Threshold of blurry image - part 2

Question 1

Some hints that you might try out:

Apply the morphological opening in your original thresholded image (the one which is noisy at the right of the first picture). You should get rid of most of the background noise and be able to reconnect the digits.
Use a different preprocessing of your original image instead of morpho closing, such as median filter (tends to blur the edges) or bilateral filtering which will preserve better the edges but is slower to compute.
As far as threshold is concerned, you can use CV_OTSU flag in the cv::threshold to determine an optimal value for a global threshold. Local thresholding might still be better, but should work better with the bilateral or median filter

Question 2

I've tried thresholding each 3x3 box separately, using Otsu's algorithm (CV_OTSU - thanks remi!) to determine an optimal threshold value for each box. This works a bit better than thresholding the entire image, and is probably a bit more robust.

enter image description here

Better solutions are welcome, though.

Question 3

If you're willing to spend some cycles on it there are de-blurring techniques that could be used to sharpen up the picture prior to processing. Nothing in OpenCV yet but if this is a make-or-break kind of thing you could add it.
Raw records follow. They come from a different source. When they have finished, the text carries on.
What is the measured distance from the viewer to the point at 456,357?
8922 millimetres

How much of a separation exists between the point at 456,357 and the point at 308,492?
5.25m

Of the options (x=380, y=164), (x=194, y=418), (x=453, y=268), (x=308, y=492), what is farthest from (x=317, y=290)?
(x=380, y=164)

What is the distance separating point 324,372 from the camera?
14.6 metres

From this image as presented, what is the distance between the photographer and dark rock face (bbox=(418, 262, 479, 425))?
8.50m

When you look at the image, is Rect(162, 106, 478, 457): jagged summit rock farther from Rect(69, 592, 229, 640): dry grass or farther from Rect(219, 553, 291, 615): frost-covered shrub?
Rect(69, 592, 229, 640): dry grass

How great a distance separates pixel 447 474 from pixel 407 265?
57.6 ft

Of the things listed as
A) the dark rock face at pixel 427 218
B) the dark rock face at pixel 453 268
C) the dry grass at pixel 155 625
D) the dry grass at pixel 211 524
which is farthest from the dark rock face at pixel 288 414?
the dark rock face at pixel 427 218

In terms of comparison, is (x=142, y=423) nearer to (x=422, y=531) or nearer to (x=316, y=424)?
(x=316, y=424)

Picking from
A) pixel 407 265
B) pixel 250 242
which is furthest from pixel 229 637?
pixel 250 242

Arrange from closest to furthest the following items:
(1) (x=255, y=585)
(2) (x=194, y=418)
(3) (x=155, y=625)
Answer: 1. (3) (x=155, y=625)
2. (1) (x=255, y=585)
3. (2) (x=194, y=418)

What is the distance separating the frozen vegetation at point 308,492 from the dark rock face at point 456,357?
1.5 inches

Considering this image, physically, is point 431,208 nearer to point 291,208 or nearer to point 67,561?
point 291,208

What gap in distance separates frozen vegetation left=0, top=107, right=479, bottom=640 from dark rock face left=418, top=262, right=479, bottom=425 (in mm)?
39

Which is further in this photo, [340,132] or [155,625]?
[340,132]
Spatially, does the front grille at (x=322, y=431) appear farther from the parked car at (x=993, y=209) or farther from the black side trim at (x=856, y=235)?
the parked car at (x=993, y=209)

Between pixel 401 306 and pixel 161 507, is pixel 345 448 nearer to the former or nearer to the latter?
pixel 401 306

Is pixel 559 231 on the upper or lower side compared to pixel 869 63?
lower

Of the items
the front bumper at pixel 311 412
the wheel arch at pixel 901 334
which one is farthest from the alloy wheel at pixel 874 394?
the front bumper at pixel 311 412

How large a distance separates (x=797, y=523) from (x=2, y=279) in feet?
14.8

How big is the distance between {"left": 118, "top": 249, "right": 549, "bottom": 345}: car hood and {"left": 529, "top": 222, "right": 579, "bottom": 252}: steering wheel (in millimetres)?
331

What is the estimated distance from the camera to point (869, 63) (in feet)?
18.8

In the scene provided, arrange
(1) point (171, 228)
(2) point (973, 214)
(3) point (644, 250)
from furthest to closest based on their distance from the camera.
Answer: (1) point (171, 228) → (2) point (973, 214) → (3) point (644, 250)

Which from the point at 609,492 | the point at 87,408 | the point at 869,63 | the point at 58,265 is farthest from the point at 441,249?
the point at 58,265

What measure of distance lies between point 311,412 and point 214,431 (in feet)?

There's a bunch of literature on the subject: http://www.cse.cuhk.edu.hk/~leojia/projects/motion_deblurring/index.html http://www.google.com/search?q=motion+deblurring

And some chatter on the OpenCV mailing list: http://tech.groups.yahoo.com/group/OpenCV/message/20938

The weird "halo effect" that you're seeing is likely due to OpenCV assuming black for the color when the adaptive threshold is at/near the edge of the image and the window that it's using "hangs over" the edge into non-image territory. There are ways to correct for this, most likely you would make an temporary image that's at least two full block-sizes taller and wider than the image from the camera. Then copy the camera image into the middle of it. Then set the surrounding "blank" portion of the temp image to be the average color of the image from the camera. Now when you perform the adaptive threshold the data at/near the edges will be much closer to accurate. It won't be perfect since its not a real picture but it will yield better results than the black that OpenCV is assuming is there.

Question 4

My proposal assumes you can identify the sudoku cells, which I think, is not asking too much. Trying to apply morphological operators (although I really like them) and/or binarization methods as a first step is the wrong way here, in my opinion of course. Your image is at least partially blurry, for whatever reason (original camera angle and/or movement, among other reasons). So what you need is to revert that, by performing a deconvolution. Of course asking for a perfect deconvolution is too much, but we can try some things.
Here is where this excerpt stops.